Ensenyament admite que le faltan profes para dar clases en FP

La Conselleria d’Ensenyament ha admitido, después de que el sindicato Ustec lo denunciara, que no ha podido cubrir 316 plazas con sustitutos, mayoritariamente en especialidades de formación profesional "difíciles". El departamento que dirige Meritxell Ruiz ha asegurado, no obstante, que solucionará la situación en las próximas semanas.


La primera jornada de colegio en Catalunya ha tenido también como protagonista las quejas de sindicatos y plataformas de padres de alumnos, que han colgado pancartas y han vestido camisetas amarillas para exigir la reversión de los recortes aplicados los últimos años. 


En Madrid, el Sindicato de Estudiantes (SE) ha anunciado huelga para el 26 de octubre en contra de las reválidas.

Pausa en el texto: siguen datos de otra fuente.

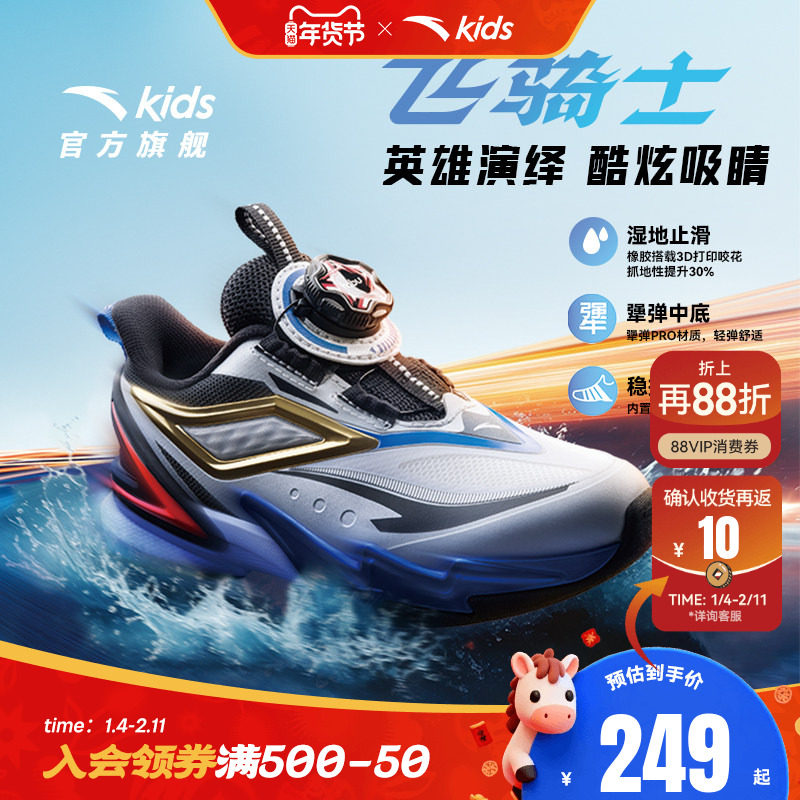 安踏儿童运动鞋宝宝飞骑士5.0平衡车鞋2025秋冬款男小童跑鞋纽扣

Unos 1,57 millones de estudiantes catalanes han iniciado desde este lunes el curso 2016-2017. No son todos, porque algunos alumnos de ESO, bachillerato y formación profesional no empezarán hasta el miércoles, 14 de septiembre, acogiéndose a la opción que les da la Conselleria d'Ensenyament. El próximo lunes, arrancará el curso para los alumnos de ciclos de grado superior de formación profesional.

La vuelta al cole en Catalunya está marcada también este año por el descenso demográfico que ha experimentado el alumnado de P3 y el ingreso en la secundaria de una generación ya muy numerosa, la nacida en el 2004, que va a poner más presión sobre los institutos. Este curso los centros catalanes acogen entre alumnos de ESO, bachillerato y formación profesional a 543.314 alumnos, el 2,4% más que en el anterior. Buena parte de los 1.010 barracones (14 más que el curso pasado) que hay en los centros educativos son asimismo para ESO. También se han hecho obras en nueve colegios de primaria para poder habilitar en ellos aulas donde escolarizar a alumnos de secundaria.

Este 2016-2017 debe ser el curso del despliegue definitivo de la LOMCE y, con él, el de las reválidas de final de ESO y de bachillerato. Pero la incertidumbre política y la oposición de la mayroía de comunidades autónomas suscitan dudas sobre qué ocurrirá a final de curso. Se desconoce aún si de verdad estas evaluaciones se van a llevar a cabo y, en caso afirmativo, qué territorios las van a hacer y cómo. De momento, Catalunya aprovechará que este primer año las pruebas no tienen valor académico para no aplicarlas.